- WHAT THE TASK REQUIRES -
Retype only the lines below from the one with "Ольгенбаум Шейна Янкелевна" to the one with "ipcc – chapter 13", inclusive, skipping every image.

- SOURCE DATA -
══════════

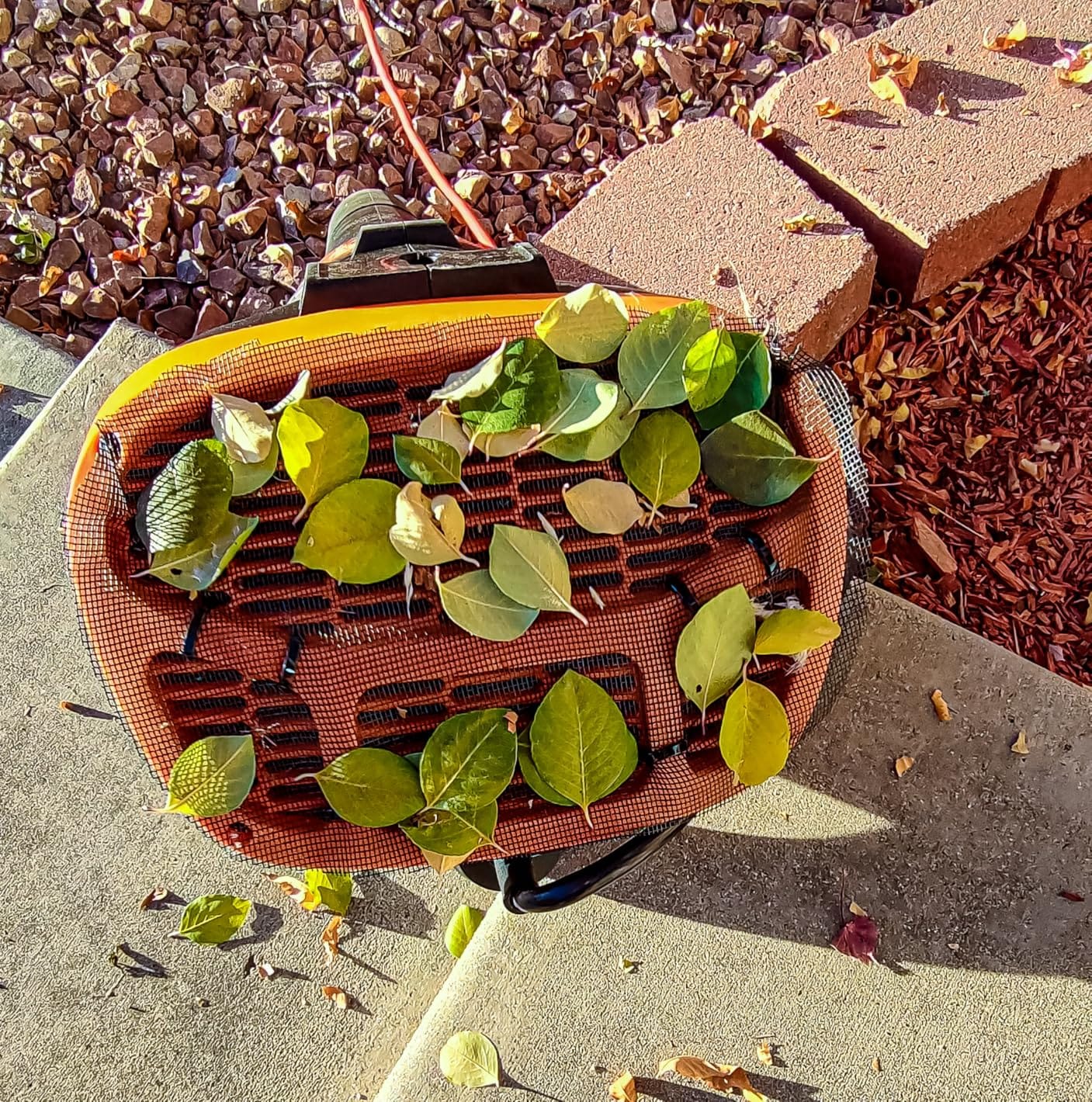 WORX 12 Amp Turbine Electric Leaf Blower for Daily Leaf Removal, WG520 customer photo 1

══════════

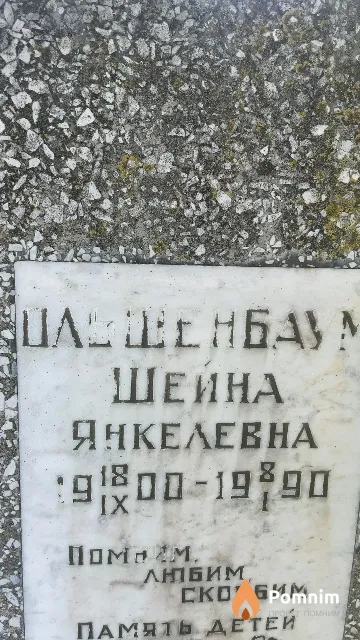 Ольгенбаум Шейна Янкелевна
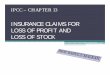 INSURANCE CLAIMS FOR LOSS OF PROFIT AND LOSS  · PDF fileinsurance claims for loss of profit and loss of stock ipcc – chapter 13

══════════

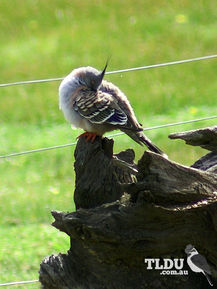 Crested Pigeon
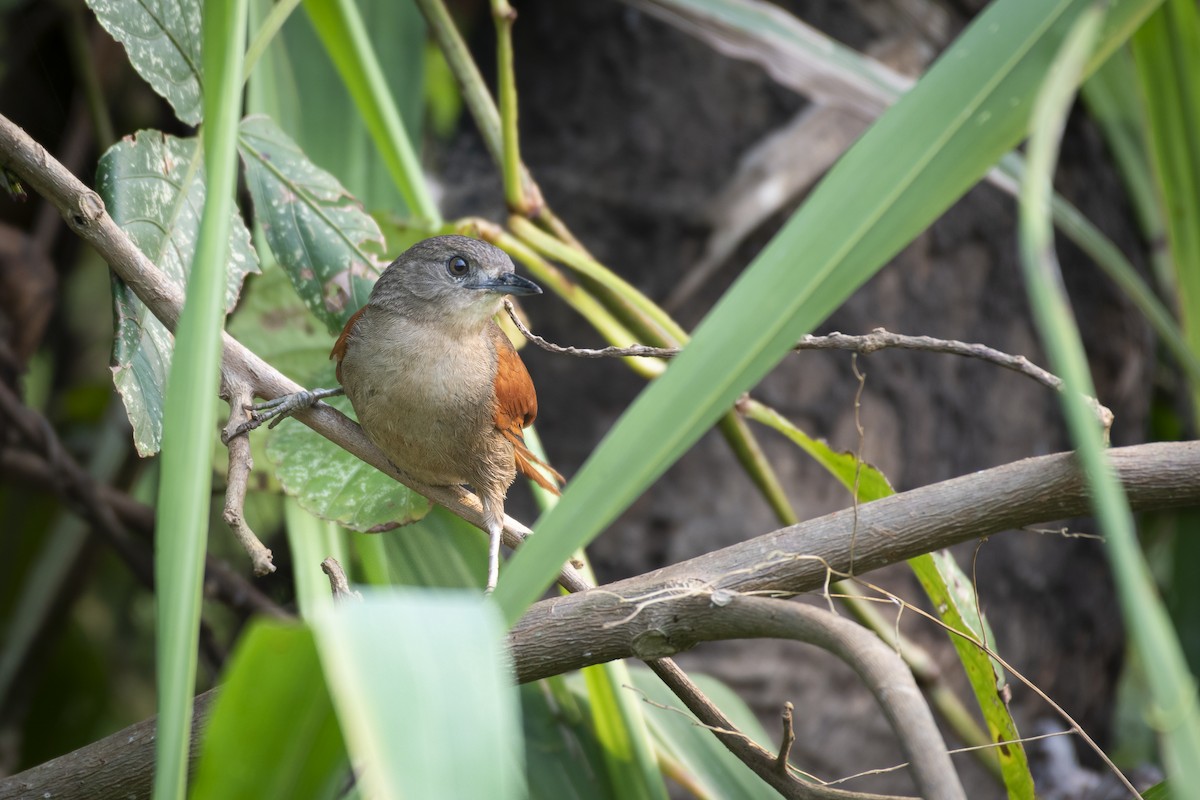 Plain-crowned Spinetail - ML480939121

══════════

- SOLUTION TO THIS PROBLEM -
 Ольгенбаум Шейна Янкелевна
 INSURANCE CLAIMS FOR LOSS OF PROFIT AND LOSS  · PDF fileinsurance claims for loss of profit and loss of stock ipcc – chapter 13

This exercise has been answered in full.